Scientists from across the College of Natural Sciences submitted photographs, graphs and simulation results to the 2017 Visualizing Science contest. Their submissions depict research from calculus to integrative biology, and the judging is coming to an end.
According to CNS communications director Christine Sinatra, online voting, which is open to the general public, will close by the end of the month. On Oct. 19, CNS will announce this year’s winners at their "Art in Science" event.
“I think the Visualizing Science competition offers us a gateway to people who may not be exposed to science on a regular basis,” said Michael Allshouse, winner of the 2016 competition. “There was (also) an opportunity to meet people outside of your field and learn a little bit of science that you’re not regularly exposed to.”
The competition was designed as a part of the CNS 2013 College Strategic Plan, Sinatra said. One of the goals of the plan was to highlight science within and beyond the college.

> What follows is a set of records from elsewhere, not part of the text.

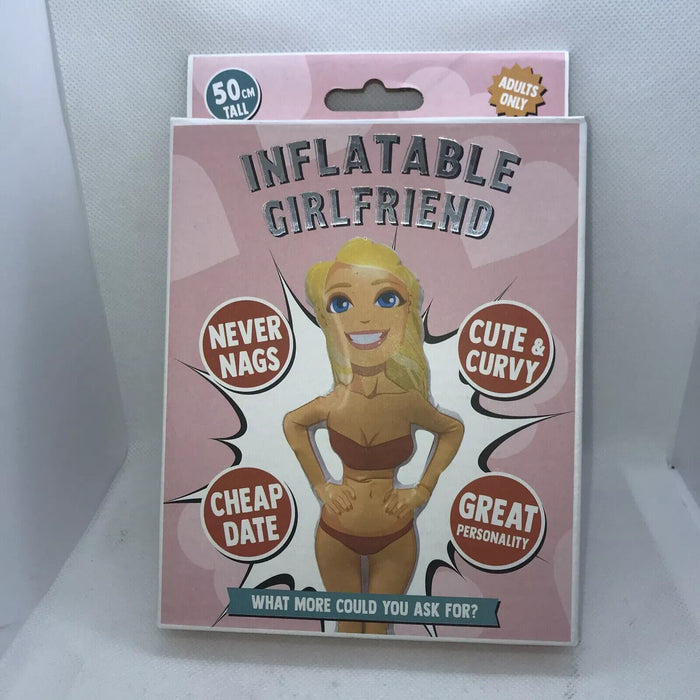 inflatable girlfriend 50cm tall joke novelty gift idea valentines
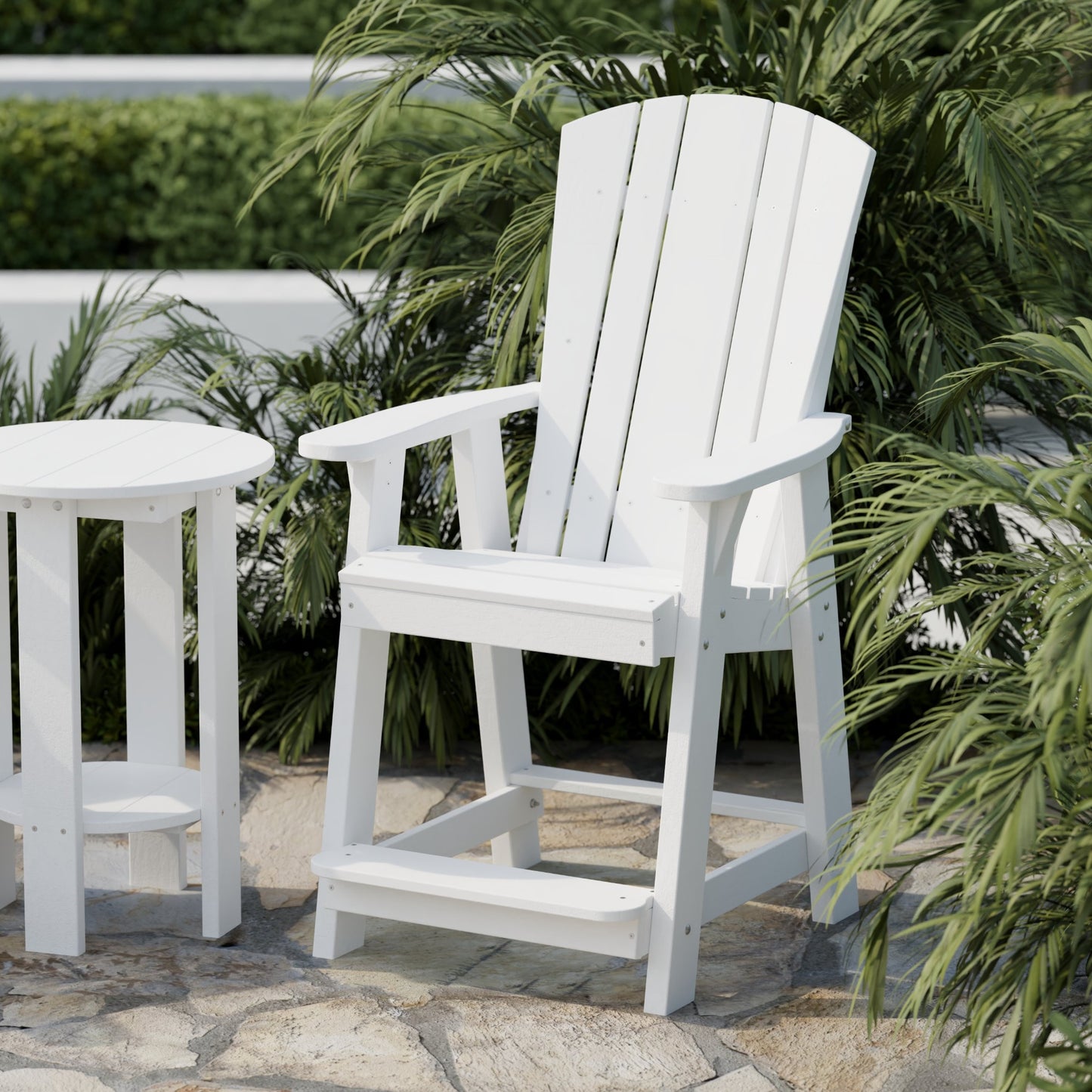 Wildridge Heritage Balcony Chair (COUNTER HEIGHT) - LEAD TIME TO SHIP 4 TO 6 WEEKS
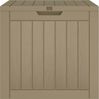 vidaXL Gartenbox Grau 55,5x43x53 cm Polypropylen 364163 Bild 5
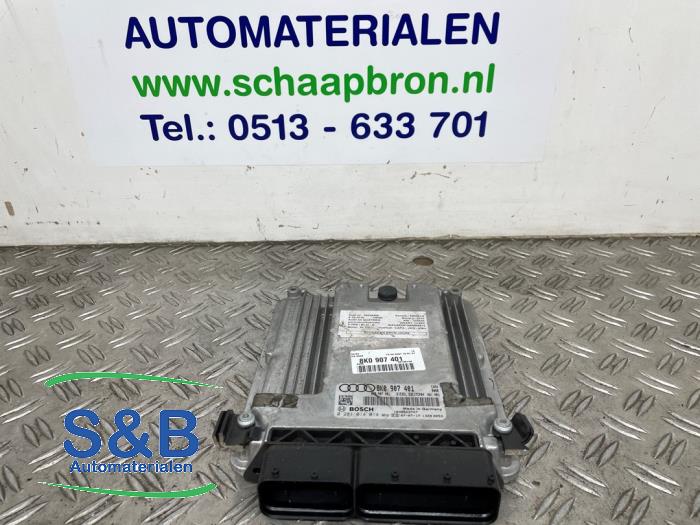 Used Engine management computer Audi A5 (8T3) 3.0 TDI V6 24V Quattro Price € 99,00 Margin scheme offered by Schaap & Bron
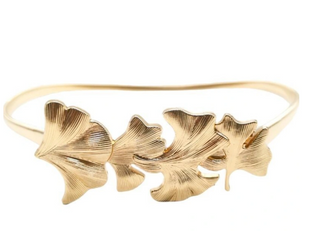 Petal Gold Belt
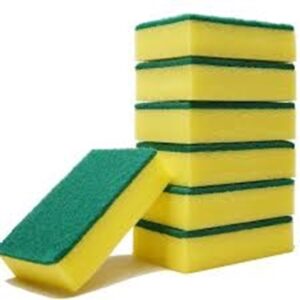 sponge scourers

“You see a lot of art in public places, you see a lot of references to athletics,” Sinatra said. “But you don’t really see the science that happens in labs.”
To enter the competition, contestants simply submit a brief description and image of their research online. Then, the photographs open to popular voting on Facebook until late September. A full gallery of the images is available on the College of Natural Sciences Facebook page.
The rest of the judging is conducted by the CNS communications staff, the external relations staff, the student-run Natural Science Executive Committee and a panel of judges comprised of professional communicators, science communicators and the dean, Sinatra said.
“(The Facebook gallery) was a nice opportunity to spread the word about these images,” Allshouse said. “As the Facebook voting wound down, I knew that I was doing pretty well, but then after that, we didn’t hear exactly what the placement was until the Science Night held by the College of Natural Sciences.”
The competition is open to anyone affiliated with CNS, said Steve Franklin, a CNS marketing specialist who receives the Visualizing Science submissions. This includes undergraduates, graduates, staff, faculty, double majors, alumni and even majors outside of the college working in a CNS lab, Sinatra said.
Students looking to enter the contest should consider what they find inspiring, Franklin said.
“Just find … the beauty in the science that you’re working on, what amazes you, what just gets you in awe of what you’re doing,” he said.
The description section of the image submission allows for artistic expression as well, as contestants describe what they love about their research and how they came to create the graphic.
“If people can tell us a story of their research, why it inspires them and what it means, that’s really helpful for us,” Sinatra said.
Contestants often enter the contest when a routine data analysis reveals a particularly striking image.
“I had data and needed some way to look at it … (The image) finished generating (and) I said, ‘Wow! That looks really nice,’” 2016 runner-up Claire McWhite said. “There’s no boundary between what is art and what is science … I think it’s mostly about design and using images to look at data in a new way.”
Sometimes, the images don’t need to be modified to make them aesthetically pleasing.
“(With Visualizing Science) you get an opportunity not just to communicate new and interesting science, but do it in a way that people can find beautiful in its own right,” Allshouse said.